## What to work on
Set down, please, without alteration, the lines of the entries below from the first through the one containing "Shintotsukawa neighborhoods and".

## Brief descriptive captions
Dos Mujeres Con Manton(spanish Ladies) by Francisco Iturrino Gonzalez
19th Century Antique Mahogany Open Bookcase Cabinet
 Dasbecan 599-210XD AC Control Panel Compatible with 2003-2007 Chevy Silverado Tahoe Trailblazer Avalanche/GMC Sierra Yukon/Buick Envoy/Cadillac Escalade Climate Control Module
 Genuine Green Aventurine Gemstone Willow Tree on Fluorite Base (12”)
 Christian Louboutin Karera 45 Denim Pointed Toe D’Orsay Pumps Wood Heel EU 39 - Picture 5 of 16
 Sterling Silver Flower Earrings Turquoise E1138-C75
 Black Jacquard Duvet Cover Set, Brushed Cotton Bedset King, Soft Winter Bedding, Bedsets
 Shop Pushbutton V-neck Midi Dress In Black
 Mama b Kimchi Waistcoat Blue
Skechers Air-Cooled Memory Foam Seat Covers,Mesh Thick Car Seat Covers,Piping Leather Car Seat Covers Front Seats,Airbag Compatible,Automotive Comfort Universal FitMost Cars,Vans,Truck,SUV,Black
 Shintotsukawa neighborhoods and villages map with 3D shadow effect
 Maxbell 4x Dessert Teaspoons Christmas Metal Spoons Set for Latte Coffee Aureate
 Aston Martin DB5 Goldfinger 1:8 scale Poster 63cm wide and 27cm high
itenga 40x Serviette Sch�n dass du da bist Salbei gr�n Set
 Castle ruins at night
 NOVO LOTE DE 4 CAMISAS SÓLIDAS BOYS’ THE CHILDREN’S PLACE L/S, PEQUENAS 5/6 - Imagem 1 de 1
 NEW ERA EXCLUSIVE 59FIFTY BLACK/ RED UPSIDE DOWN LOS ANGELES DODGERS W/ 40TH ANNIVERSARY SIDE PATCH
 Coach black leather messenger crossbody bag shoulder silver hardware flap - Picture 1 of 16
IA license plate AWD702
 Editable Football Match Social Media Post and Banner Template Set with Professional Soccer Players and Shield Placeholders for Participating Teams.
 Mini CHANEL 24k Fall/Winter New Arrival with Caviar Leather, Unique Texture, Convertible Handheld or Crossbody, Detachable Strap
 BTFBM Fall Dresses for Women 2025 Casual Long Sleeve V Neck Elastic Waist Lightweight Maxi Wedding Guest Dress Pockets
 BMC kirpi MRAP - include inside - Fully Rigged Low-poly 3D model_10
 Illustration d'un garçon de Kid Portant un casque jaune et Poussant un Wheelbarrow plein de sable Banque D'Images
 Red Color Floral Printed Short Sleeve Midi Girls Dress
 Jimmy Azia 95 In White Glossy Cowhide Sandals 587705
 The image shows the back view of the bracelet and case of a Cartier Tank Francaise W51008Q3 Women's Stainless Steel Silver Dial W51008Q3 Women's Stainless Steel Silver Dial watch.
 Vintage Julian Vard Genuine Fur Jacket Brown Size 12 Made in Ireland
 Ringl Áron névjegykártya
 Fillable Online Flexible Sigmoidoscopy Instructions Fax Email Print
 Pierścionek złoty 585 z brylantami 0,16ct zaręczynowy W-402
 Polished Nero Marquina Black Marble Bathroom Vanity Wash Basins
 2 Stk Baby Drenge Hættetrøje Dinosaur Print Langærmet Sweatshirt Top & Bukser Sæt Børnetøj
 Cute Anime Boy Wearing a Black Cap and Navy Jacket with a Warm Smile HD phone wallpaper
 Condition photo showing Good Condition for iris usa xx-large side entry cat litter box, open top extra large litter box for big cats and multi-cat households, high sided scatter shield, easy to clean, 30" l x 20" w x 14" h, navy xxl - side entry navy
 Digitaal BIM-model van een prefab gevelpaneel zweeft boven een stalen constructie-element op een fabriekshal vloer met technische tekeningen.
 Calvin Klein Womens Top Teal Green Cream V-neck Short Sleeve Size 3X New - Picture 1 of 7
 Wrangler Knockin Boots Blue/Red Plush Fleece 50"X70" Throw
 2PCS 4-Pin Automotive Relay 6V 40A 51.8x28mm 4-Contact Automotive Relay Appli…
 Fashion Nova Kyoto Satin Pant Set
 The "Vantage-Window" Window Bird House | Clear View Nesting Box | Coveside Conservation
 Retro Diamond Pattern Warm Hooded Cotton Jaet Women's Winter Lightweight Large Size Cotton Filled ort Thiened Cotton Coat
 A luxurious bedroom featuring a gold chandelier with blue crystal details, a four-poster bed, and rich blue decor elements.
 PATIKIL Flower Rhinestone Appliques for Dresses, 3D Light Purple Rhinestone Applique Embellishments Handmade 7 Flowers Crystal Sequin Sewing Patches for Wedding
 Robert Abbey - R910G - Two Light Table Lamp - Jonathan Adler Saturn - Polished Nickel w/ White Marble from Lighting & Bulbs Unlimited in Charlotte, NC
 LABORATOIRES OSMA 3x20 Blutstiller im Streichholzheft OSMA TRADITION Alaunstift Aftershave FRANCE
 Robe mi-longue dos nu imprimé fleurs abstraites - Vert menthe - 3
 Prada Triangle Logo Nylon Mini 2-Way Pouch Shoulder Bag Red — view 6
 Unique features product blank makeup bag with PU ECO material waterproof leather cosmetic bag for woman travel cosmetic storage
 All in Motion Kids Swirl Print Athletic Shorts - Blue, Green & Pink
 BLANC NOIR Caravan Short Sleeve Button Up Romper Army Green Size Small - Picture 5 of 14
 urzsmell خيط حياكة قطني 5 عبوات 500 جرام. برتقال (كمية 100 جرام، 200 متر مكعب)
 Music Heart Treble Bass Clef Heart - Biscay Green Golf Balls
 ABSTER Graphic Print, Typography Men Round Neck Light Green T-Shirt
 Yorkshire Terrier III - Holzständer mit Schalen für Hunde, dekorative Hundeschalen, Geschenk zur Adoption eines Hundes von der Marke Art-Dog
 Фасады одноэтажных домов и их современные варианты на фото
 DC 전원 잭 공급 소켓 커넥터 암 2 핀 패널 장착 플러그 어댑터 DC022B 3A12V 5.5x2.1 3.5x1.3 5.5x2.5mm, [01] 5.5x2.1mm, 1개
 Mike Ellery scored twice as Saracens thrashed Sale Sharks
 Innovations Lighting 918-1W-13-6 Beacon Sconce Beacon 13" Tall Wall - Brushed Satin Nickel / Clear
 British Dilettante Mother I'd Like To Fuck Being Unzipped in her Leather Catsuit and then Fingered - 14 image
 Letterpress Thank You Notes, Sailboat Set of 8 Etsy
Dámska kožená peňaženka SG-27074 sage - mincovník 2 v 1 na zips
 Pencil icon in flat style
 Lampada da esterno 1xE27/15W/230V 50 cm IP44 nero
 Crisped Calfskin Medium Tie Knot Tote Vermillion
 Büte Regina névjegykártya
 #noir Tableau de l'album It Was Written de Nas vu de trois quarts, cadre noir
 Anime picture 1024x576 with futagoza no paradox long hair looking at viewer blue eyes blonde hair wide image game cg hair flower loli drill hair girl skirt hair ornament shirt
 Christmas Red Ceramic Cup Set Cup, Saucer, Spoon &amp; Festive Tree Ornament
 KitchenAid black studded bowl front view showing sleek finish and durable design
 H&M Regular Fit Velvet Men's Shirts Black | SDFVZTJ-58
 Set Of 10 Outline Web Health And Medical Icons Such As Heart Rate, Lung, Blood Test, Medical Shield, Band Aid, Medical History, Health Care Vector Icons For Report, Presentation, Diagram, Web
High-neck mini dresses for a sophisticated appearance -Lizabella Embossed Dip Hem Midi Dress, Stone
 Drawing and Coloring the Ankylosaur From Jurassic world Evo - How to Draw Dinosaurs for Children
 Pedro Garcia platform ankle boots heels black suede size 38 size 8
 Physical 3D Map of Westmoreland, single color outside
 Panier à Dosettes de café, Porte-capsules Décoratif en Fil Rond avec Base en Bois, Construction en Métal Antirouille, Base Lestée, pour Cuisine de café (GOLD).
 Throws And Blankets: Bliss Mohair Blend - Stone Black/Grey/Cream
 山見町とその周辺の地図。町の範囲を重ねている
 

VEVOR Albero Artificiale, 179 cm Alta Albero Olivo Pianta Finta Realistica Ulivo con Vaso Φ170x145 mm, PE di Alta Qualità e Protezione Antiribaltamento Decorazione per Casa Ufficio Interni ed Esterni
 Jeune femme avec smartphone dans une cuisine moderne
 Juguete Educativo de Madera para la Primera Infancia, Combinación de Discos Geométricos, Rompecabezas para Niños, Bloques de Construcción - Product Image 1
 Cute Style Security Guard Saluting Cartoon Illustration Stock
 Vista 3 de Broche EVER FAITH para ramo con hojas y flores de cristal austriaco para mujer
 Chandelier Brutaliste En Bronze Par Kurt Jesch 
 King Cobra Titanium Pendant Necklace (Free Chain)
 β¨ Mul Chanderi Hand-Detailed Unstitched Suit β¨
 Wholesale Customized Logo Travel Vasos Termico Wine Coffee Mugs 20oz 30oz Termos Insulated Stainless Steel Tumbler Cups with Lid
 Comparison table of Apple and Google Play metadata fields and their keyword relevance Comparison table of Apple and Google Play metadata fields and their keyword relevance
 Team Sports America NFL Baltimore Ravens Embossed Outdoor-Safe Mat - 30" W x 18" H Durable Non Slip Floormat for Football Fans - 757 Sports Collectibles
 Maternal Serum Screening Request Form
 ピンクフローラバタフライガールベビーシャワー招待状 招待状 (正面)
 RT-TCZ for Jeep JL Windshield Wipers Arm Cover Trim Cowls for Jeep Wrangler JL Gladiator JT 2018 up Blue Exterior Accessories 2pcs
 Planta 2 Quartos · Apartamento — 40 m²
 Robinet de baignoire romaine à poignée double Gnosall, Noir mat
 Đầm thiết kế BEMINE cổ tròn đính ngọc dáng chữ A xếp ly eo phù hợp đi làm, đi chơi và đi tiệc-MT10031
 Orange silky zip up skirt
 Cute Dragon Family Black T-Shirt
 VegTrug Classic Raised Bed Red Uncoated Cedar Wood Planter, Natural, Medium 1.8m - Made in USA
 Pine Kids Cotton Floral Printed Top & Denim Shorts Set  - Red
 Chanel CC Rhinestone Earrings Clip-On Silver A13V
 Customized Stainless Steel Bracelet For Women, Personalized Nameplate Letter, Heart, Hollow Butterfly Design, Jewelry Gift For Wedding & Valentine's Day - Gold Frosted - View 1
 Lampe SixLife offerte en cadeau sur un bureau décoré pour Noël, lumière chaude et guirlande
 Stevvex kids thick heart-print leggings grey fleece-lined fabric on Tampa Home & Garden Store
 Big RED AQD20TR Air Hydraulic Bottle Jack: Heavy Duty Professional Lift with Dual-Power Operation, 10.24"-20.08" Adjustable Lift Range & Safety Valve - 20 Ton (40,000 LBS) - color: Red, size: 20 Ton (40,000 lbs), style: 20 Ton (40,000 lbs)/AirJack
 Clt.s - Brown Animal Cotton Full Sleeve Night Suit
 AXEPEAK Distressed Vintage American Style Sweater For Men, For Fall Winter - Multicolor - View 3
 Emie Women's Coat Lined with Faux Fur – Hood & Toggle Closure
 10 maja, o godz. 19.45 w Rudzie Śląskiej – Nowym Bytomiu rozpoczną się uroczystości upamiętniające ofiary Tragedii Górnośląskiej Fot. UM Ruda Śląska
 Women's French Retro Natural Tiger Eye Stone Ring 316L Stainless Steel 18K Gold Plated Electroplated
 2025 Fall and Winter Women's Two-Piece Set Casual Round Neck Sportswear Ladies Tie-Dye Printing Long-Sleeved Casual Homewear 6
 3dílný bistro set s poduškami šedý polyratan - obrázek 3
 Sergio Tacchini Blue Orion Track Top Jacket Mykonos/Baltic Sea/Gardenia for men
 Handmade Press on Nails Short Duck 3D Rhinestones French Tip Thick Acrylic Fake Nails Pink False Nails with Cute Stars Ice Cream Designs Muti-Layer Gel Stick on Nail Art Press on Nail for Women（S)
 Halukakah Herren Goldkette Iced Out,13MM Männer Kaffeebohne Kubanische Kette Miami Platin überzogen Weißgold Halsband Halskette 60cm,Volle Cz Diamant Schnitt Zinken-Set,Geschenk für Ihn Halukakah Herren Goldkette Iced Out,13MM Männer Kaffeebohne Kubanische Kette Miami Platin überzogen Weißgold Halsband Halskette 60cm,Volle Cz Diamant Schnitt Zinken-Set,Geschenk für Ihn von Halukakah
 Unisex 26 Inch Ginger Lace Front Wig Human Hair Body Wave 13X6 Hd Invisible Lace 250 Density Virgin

## Written answer
Dos Mujeres Con Manton(spanish Ladies) by Francisco Iturrino Gonzalez
19th Century Antique Mahogany Open Bookcase Cabinet
 Dasbecan 599-210XD AC Control Panel Compatible with 2003-2007 Chevy Silverado Tahoe Trailblazer Avalanche/GMC Sierra Yukon/Buick Envoy/Cadillac Escalade Climate Control Module
 Genuine Green Aventurine Gemstone Willow Tree on Fluorite Base (12”)
 Christian Louboutin Karera 45 Denim Pointed Toe D’Orsay Pumps Wood Heel EU 39 - Picture 5 of 16
 Sterling Silver Flower Earrings Turquoise E1138-C75
 Black Jacquard Duvet Cover Set, Brushed Cotton Bedset King, Soft Winter Bedding, Bedsets
 Shop Pushbutton V-neck Midi Dress In Black
 Mama b Kimchi Waistcoat Blue
Skechers Air-Cooled Memory Foam Seat Covers,Mesh Thick Car Seat Covers,Piping Leather Car Seat Covers Front Seats,Airbag Compatible,Automotive Comfort Universal FitMost Cars,Vans,Truck,SUV,Black
 Shintotsukawa neighborhoods and villages map with 3D shadow effect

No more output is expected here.